Et ce sens de la mort (que la pensée rend inhérente à toute vie humaine) est, précisément, de rendre unique, auto-renouvelable et orientable cette vie : la vie s’ouvre ainsi une infinité de voies (mais négociables, mais hiérarchisables, mais sublimables) donnant sur sa disparition. Ces voies lui sont autant d’occasions d’apparaître autrement à elle-même. Et le dernier élément semble être alors qu’en nous ouvrant pleinement aux morts (les célébrant, les étudiant, les réhabilitant…), c’est-à-dire en faisant de leurs morts les nôtres, nous nous saisissons de ce qui les orienta, les défia, les provoqua et guida : les forces du bien peuvent à leur tour « profiter de l’existence de la mort », déjà accomplie, d’autrui. La gratitude transfigure alors mieux une vie, peut-être, qu’un auto-sacrifice à œillères. C’est tout cela, sans doute, qu’on entend dans la magnifique espérance révélée au jeune Cheng (p.25) :
« Mon être se dresse, entier, sans réserve, pour s’entendre dire : “Toi qui as soif, sois chant. Chante et tu seras sauvé, et tout sera sauvé”. Ébranlé, terrassé par ce que j’entends, j’attends encore… Plus rien. La Présence s’efface, me laissant pantois. Mais le message est passé… ».
Restait à officialiser, en quelque sorte de l’intérieur de la langue française, en une cooptation poétique, l’idiome choisi pour cette ininterrompue et adoptive gratitude culturelle de cette œuvre. La scène se passe chez l’écrivain Vercors, à la fin des années 50, où l’auteur, qui a osé lui soumettre ses tout premiers quatrains « français » quelques jours plus tôt, raconte la « surprise » suivante (qui se commente assez elle-même) :
« Dans l’après-midi, au bord de la petite piscine, à ma totale surprise, tandis que Vercors opine de la tête, son épouse récite par cœur deux des quatre quatrains que je leur ai envoyés :
« Nous avons bu tant de rosées
En échange de notre sang
Que la terre cent fois brûlée
Nous sait bon gré d’être vivants
Au bout de la nuit, un seuil éclairé
Nous attire encore vers son doux mystère
Les grillons chantant l’éternel été
Quelque part la vie vécue reste entière »
Dix ans après mon arrivée en France, alors que je suis aux prises avec un désastre affectif (= son divorce précoce ?), j’entends pour la première fois mon chant en français sortir d’une bouche si sensible, si généreuse, si lumineusement française. Je suis secoué par une émotion qui me fait trembler, sans trouver de mots pour la dire. Vercors voit mon embarras, il fait un geste pour signifier que les mots sont inutiles, et nous sourions tous les trois en silence. Ô moment de pur partage ! C’est un véritable acte de baptême pratiqué sur moi par ce couple inoubliable, fine fleur de l’humanité qui me console de tout » (p.75).
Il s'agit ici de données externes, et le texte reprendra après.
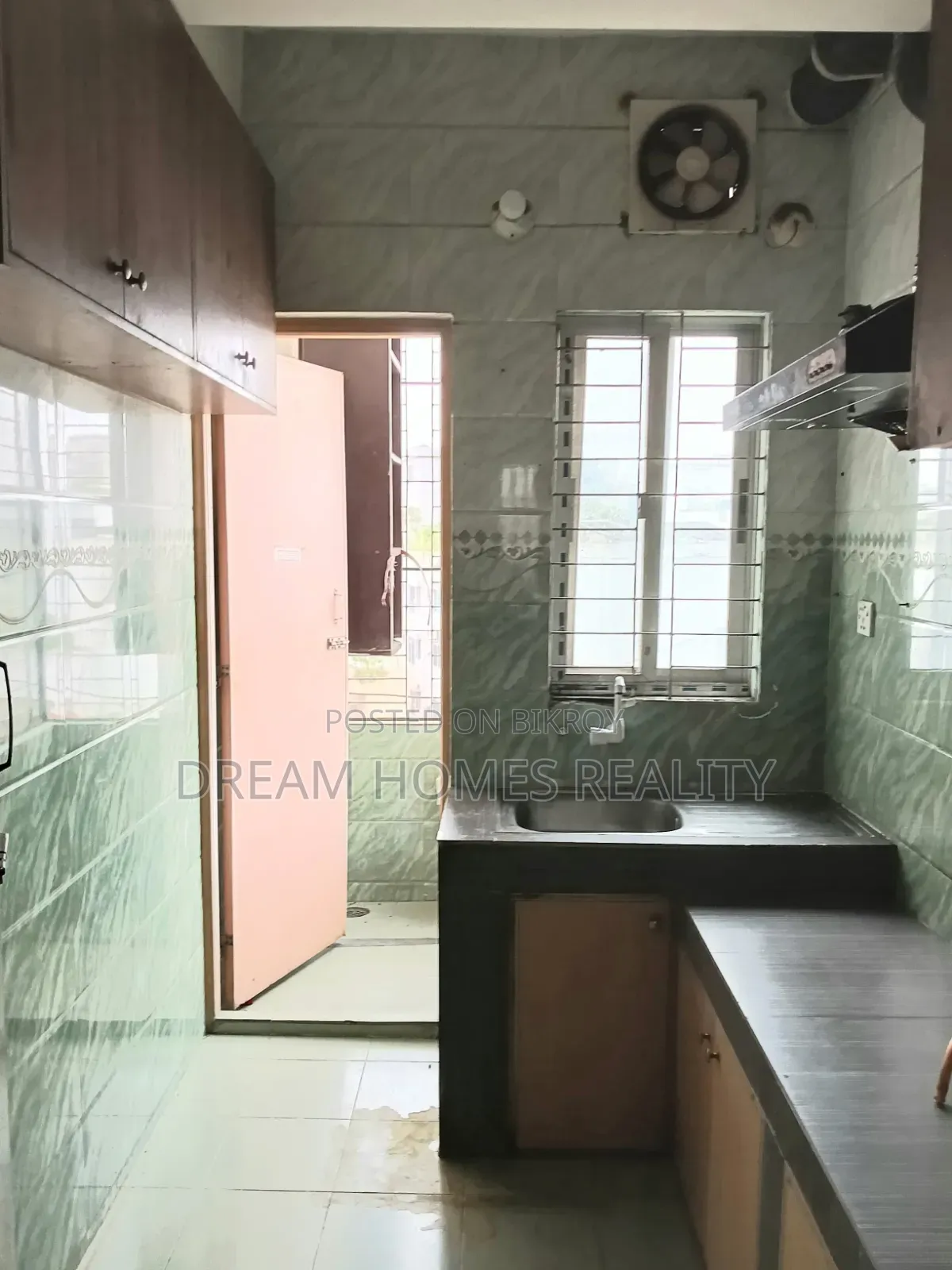 ধানমন্ডিতে ৩ বেডরুমের অ্যাপার্টমেন্ট বিক্রয়ের জন্য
Reste, bien sûr, une fusion Orient/Occident faite homme. Elle impressionne ici d’autant plus que l’auteur avoue que « c’est toute la culture occidentale, philosophique et artistique qui me permet de déceler ce qu’il y a de spécifiquement valable dans la pratique chinoise, tant il est vrai que la meilleure part de l’une renvoie à la meilleure part de l’autre » (p.111), mais justement : dans l’étonnante poésie française de cet auteur, quelque chose de profondément oriental (un souci pré-individuel de l’Unité des choses, un sens pré-logique du Silence ou du Vide dans lequel baigne le Logos même, une sorte de pittoresque rentré, de splendeur impassible, de festive étiquette qui colore pareillement présence et exigence, et les fait pour nous étrangement se confondre ?) donne à sa lucidité, pourtant aventureuse, une singulière garantie de sagesse. Orient et Occident ensemble. Quand ce genre de greffe (d’extrême à extrême) « prend » à ce point bien, l’organisme résultant se fait donneur universel : route d’union, dont la fécondité chante. Désormais, quelque part la vie vécue reste entière.
Marc Wetzel
François Cheng, né en Chine en 1929, arrive en France en 1948. Elu à l’Académie Française en 2002. L’un de nos plus importants et attachants écrivains.